UASs are one tool, but there are a number of others: more buoys with weather and ocean sensors on the water’s surface, more manned aircraft, better usage of satellites. We could also use Doppler radar on the manned airplanes to measure the hurricane eyewall wind structure, which can be inserted into the model to improve prediction.

TR: You mention the dynamics of the eye and the eyewall. How well are these dynamics understood?

AM: Hurricanes can change pretty rapidly, turn in a different direction, or go from a Category 4 to a 1. Hurricanes will go through eyewall cycles. As the new eyewalls grow and take the place of old eyewalls, we see these kinds of intensity changes. The eyewall is where you get 150-200 mph winds. Someone described Hurricane Andrew as a 30-mile wide tornado. So we want our models to incorporate eyewall dynamics correctly. We don’t understand everything that causes eyewall cycles; if we are going to predict those, we want to be able to see short-term changes. If we want to learn what’s causing them, we have to take more measurements. We have quite a ways to go. There are lots of things we can do to improve accuracy – like better models not only of where the hurricane is going, but of where the storm surge is going to hit.

TR: More data and higher resolution means more computing horsepower, right?

AM: Until the last few years, weather prediction models were built for geographically large storms, like the standard low pressure systems we see on the weather maps. They did not resolve the most important weather, such as tropical storms and thunderstorms.

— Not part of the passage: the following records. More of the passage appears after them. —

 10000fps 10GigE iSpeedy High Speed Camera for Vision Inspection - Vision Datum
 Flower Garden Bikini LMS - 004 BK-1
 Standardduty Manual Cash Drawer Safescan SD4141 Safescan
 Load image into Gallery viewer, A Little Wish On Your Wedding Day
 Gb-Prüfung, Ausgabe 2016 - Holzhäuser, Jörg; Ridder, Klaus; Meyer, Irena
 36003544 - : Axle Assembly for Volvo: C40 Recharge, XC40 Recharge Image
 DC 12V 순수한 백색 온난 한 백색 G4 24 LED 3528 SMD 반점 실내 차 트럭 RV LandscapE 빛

Right now, we are testing new hurricane models, not in use yet, that run at resolutions as high as 1 to 4 km (compared with the current global models that run with 40 km grid meshes), and have much more realistic hurricane dynamics. But in order to run those we need bigger, faster computers. They should help improve the hurricane forecasts.

TR: We’re trying to predict hurricanes with modeling tools meant to predict larger weather systems?

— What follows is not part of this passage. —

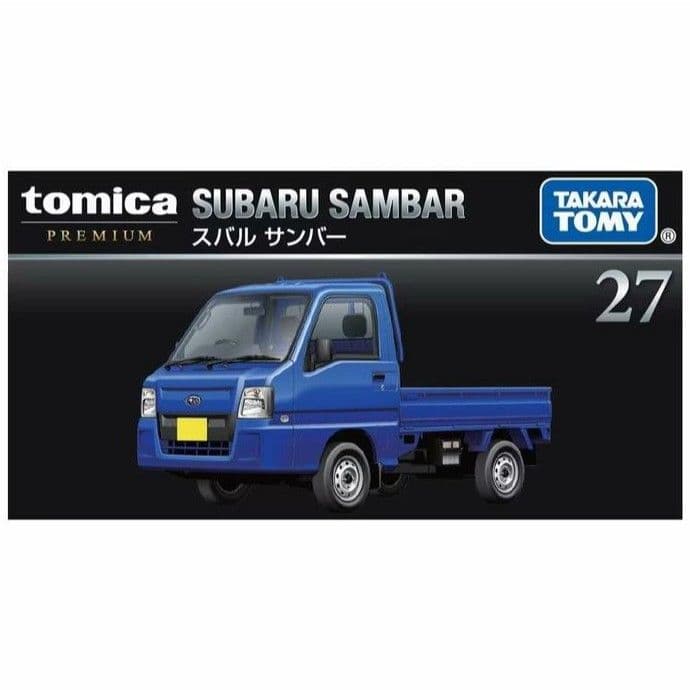 TOMICA 多美小汽車 #27 PRM27 速霸陸 SAMBER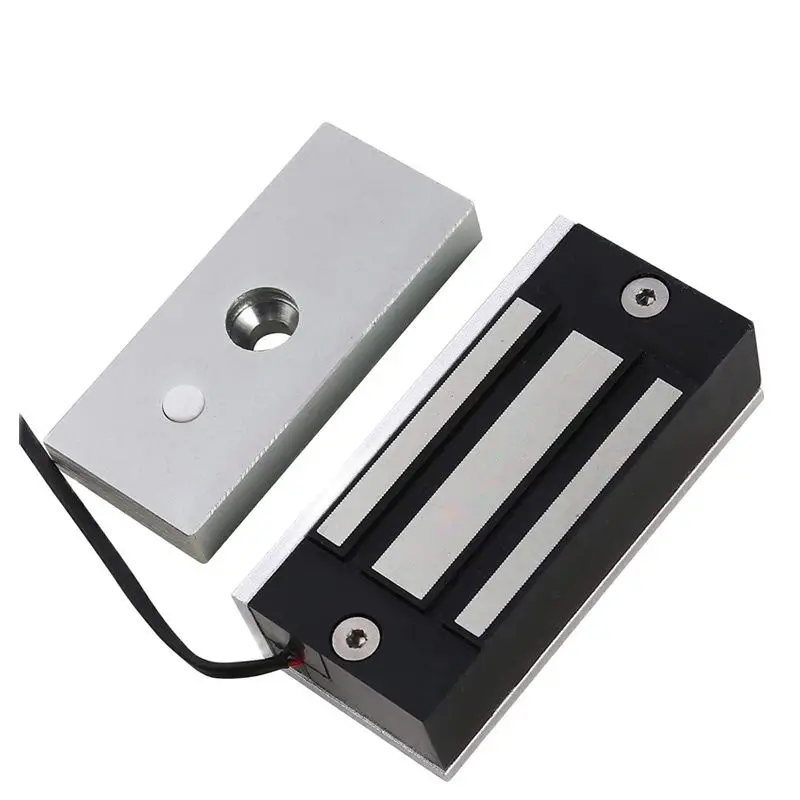 KINJOIN 12V Электронный замок для ящика Электрический магнитный шкафа Дверные замки 60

AM: We do have a model developed especially for hurricanes that is used as one of the operational ensemble models. It was developed in the early 1990s by NOAA’s Geophysical Fluid Dynamics Laboratory, but it is lower resolution and does not accommodate some of the crucial physical processes. Since modeling techniques and computer speeds have advanced, we are developing a new model called the Hurricane Weather Research and Forecast model.

TR: How much computation do you have, and what do you need, exactly?

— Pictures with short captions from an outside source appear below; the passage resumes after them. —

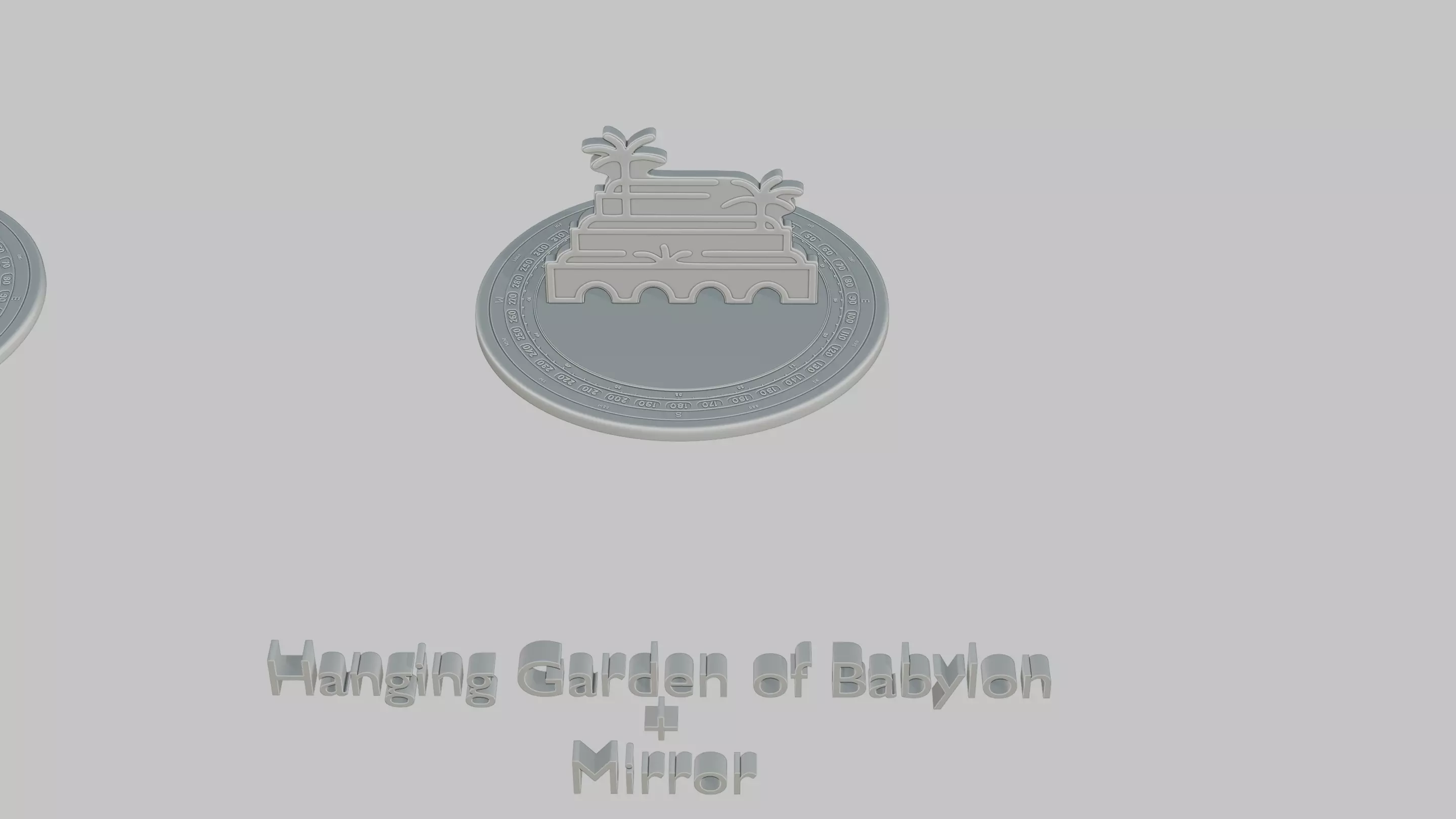 Emoji Statues Places Collection 3D print model_12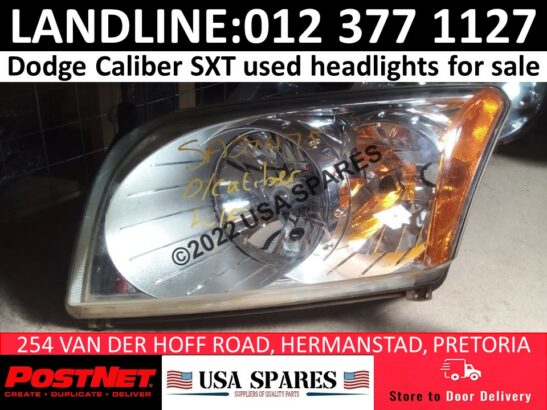 Dodge Caliber used headlights for sale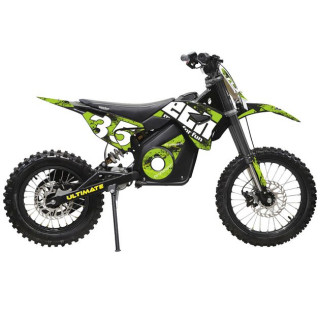 Detská akumulátorová motorka - HECHT 59150 GREEN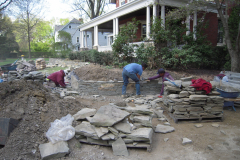 Bluestone Garden Walls and Patio in Moorestown, NJ (3)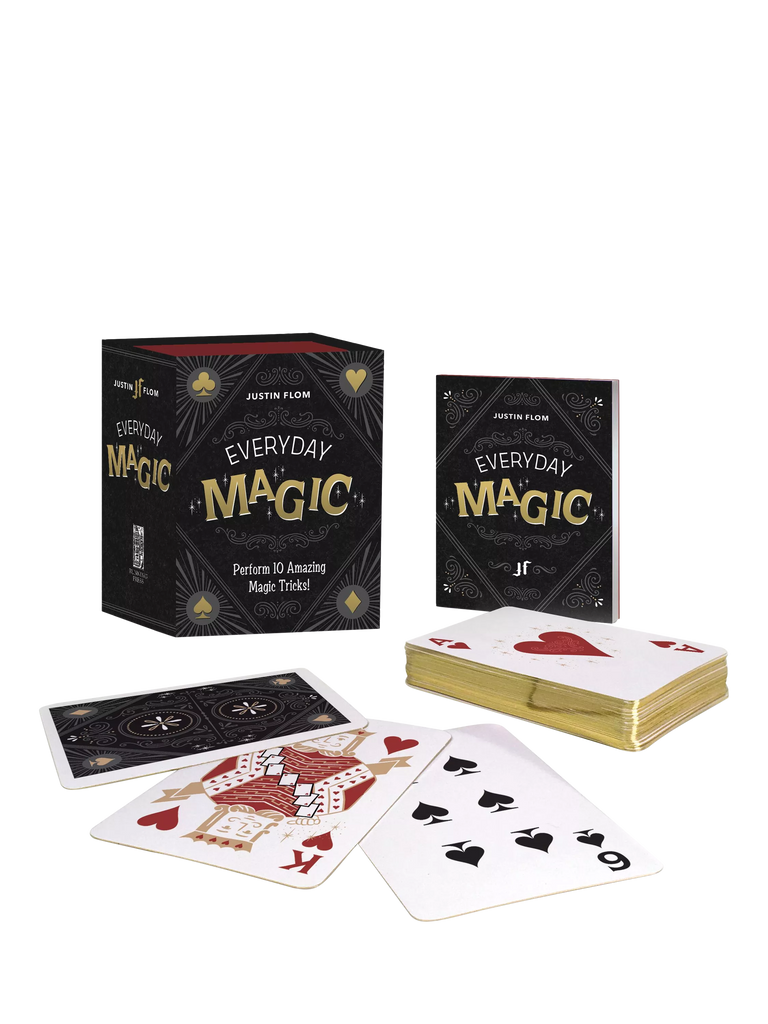 Hachette Book Group Justin Flom Everyday Magic Portable Box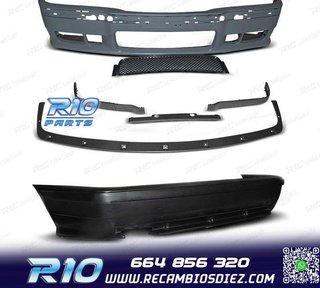 KIT CARROCERIA BMW E36 LOOK M3 PARAGOLPES DELANTERO + TRASER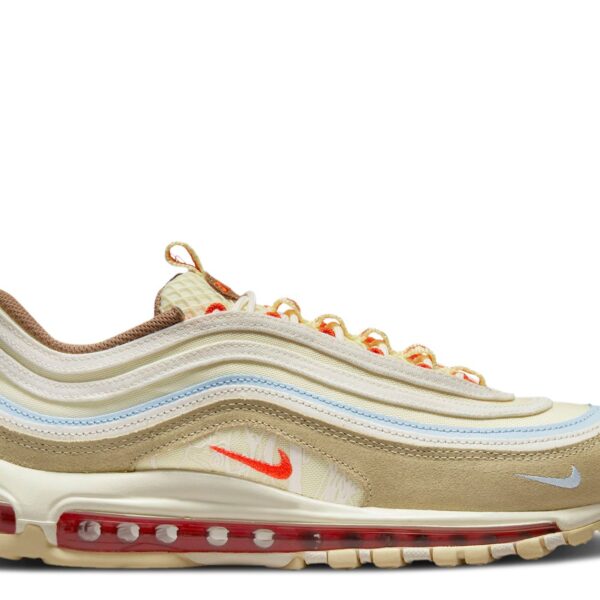 Air Max 97 'Alabaster Safety Orange'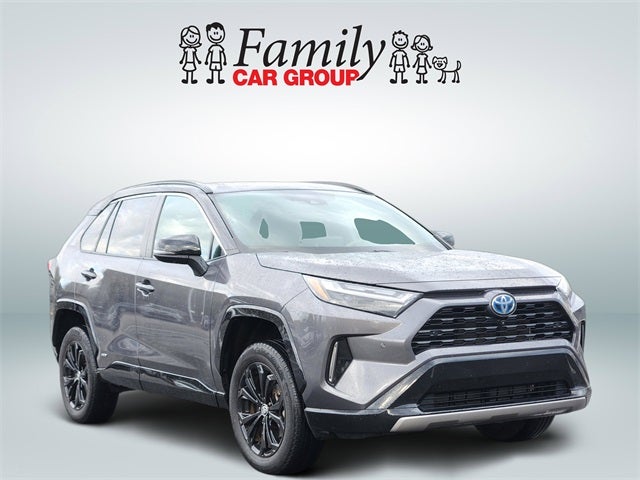 2023 Toyota RAV4 Hybrid XSE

AM: The operational weather prediction system is an IBM massively parallel supercomputer in the Washington DC area, at the National Weather Service’s National Center for Environmental Prediction. A weather model typically uses 500 to 1,000 processors in parallel. A faster computer is crucial, because then you can represent the real dynamics of a hurricane. To represent what is happening in the eyewall you need a very high resolution model and a very fast computer.

TR: The benefits seem obvious – tighter predictions can save lives and avoid needless evacuations.

AM: They always used to say an evacuation alone costs a million dollars a mile. If you warn 50 miles of coastline, it’s going to cost $50 million. I think that was pre-Katrina. We are going to look at Rita and Katrina and say they cost perhaps as much as $10 million per mile, and we are going to need much higher accuracy. A warning of 100 miles of coastline would cost $1 billion. There are lots of things we can do to improve our forecast so we can improve on our evacuation accuracy.

TR: What does the federal government spend on hurricane forecasting now, and what’s needed?

AM: We put about $50 million total into everything from the hurricane center to the models. I think that if you really said “You know, this is an extraordinary problem that is going to cost, like Katrina did, $100 billion,” you’d want to spend an additional couple hundred million a year to really improve as fast as possible.